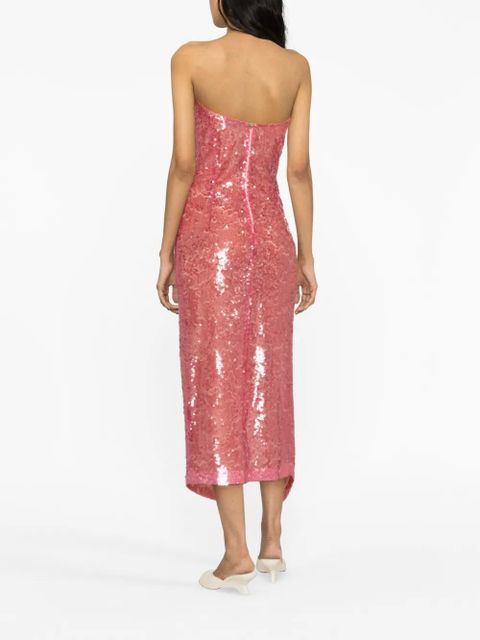 The Attico sequinned bustier midi dress - Pink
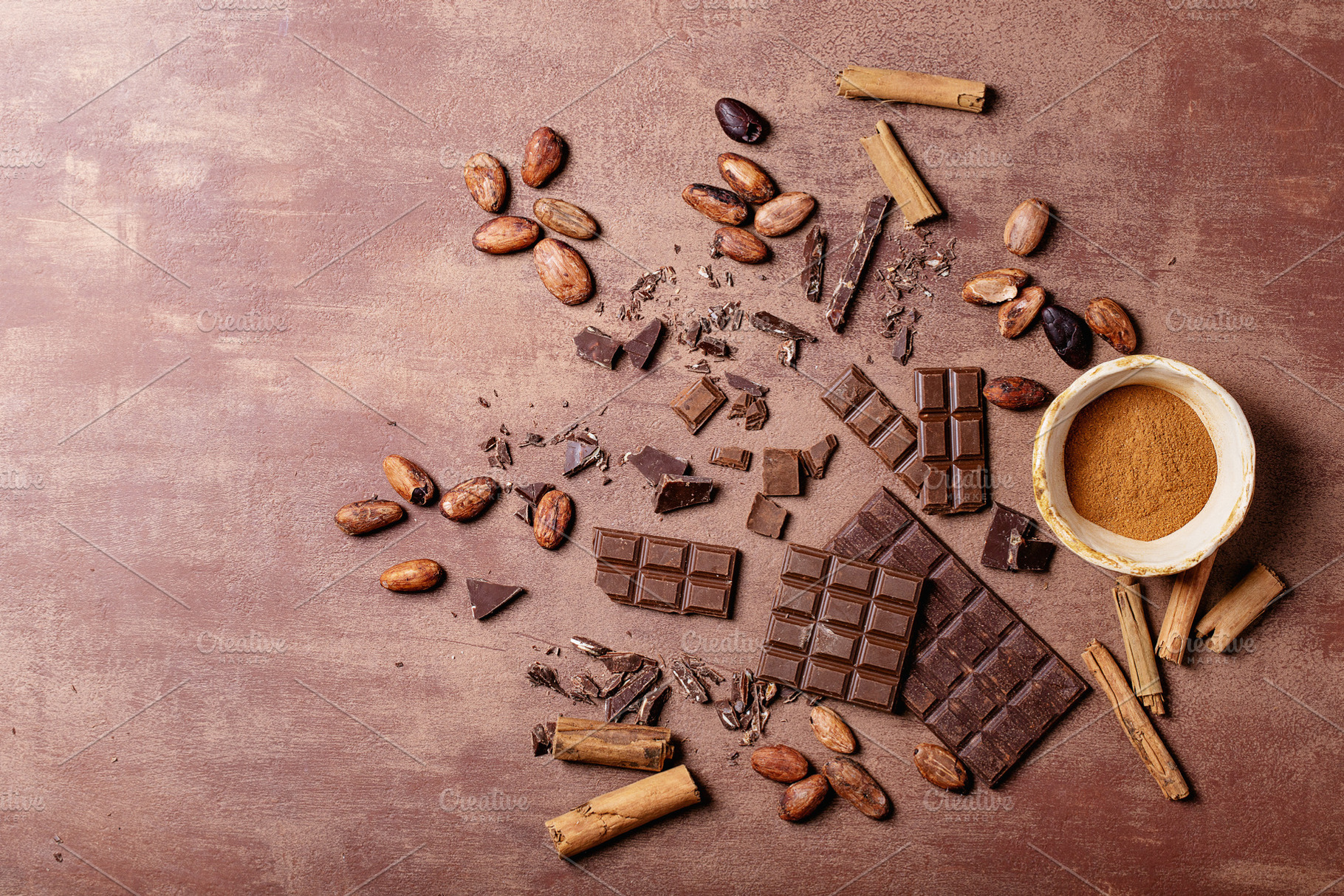 Dark chocolate stock photo containing organic and energy, a Food & Drink Photo by RomanDebree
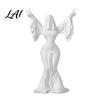 Matte White Halloween Statue 3D Printed Ghost Woman Sculpture Spirit for Modern Home Decor Minimalist Spooky Desk Decoration Figurine Lady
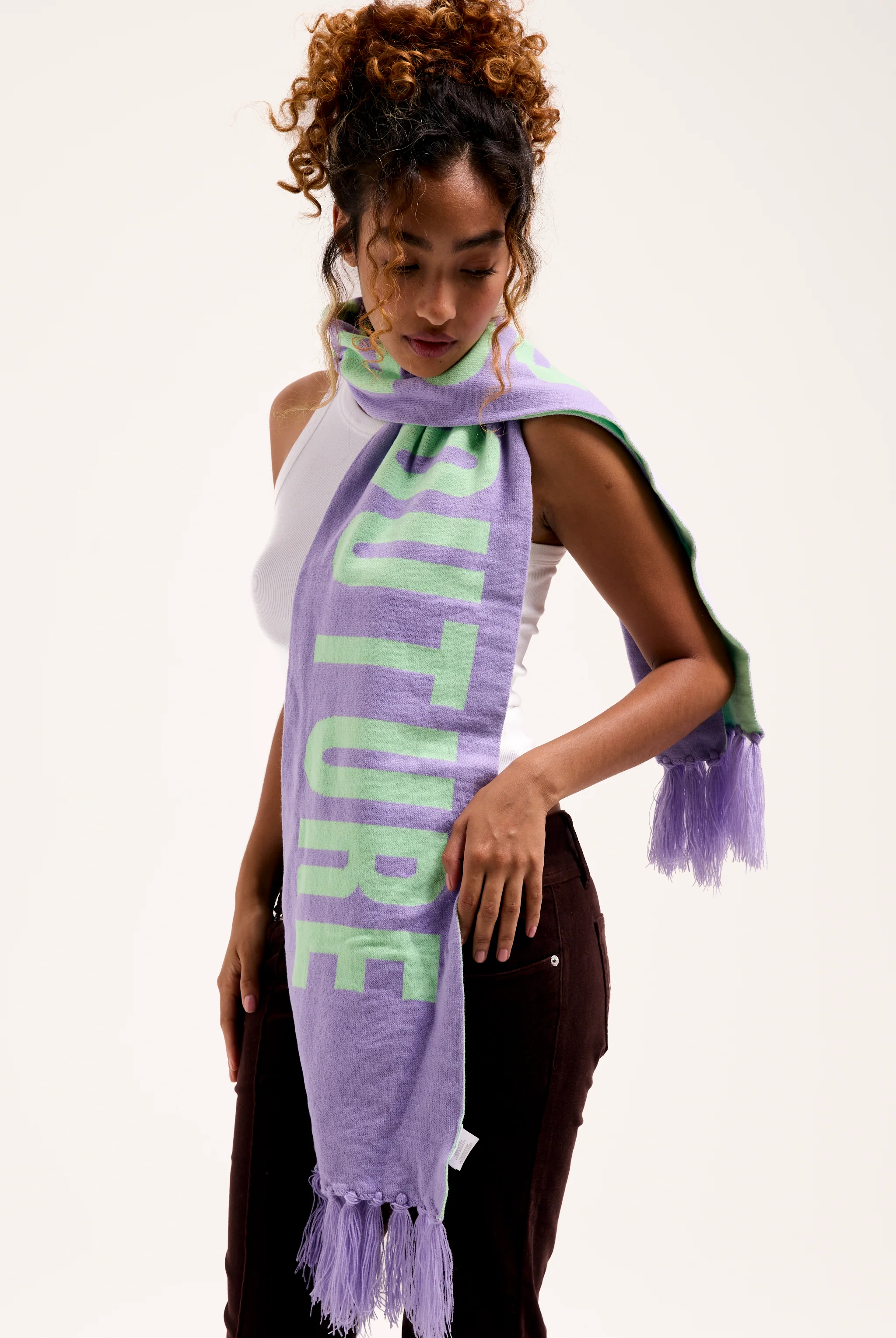 VIOLET TULIP / MINT CONTRAST FOOTBALL SCARF - Image 6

*****

▸ DESCRIPTION OF THE TASK: Retype the data exactly; images stay out.

▸ RESULT OF THE TASK:
 The Attico sequinned bustier midi dress - Pink
 Dark chocolate stock photo containing organic and energy, a Food & Drink Photo by RomanDebree
 Matte White Halloween Statue 3D Printed Ghost Woman Sculpture Spirit for Modern Home Decor Minimalist Spooky Desk Decoration Figurine Lady
 VIOLET TULIP / MINT CONTRAST FOOTBALL SCARF - Image 6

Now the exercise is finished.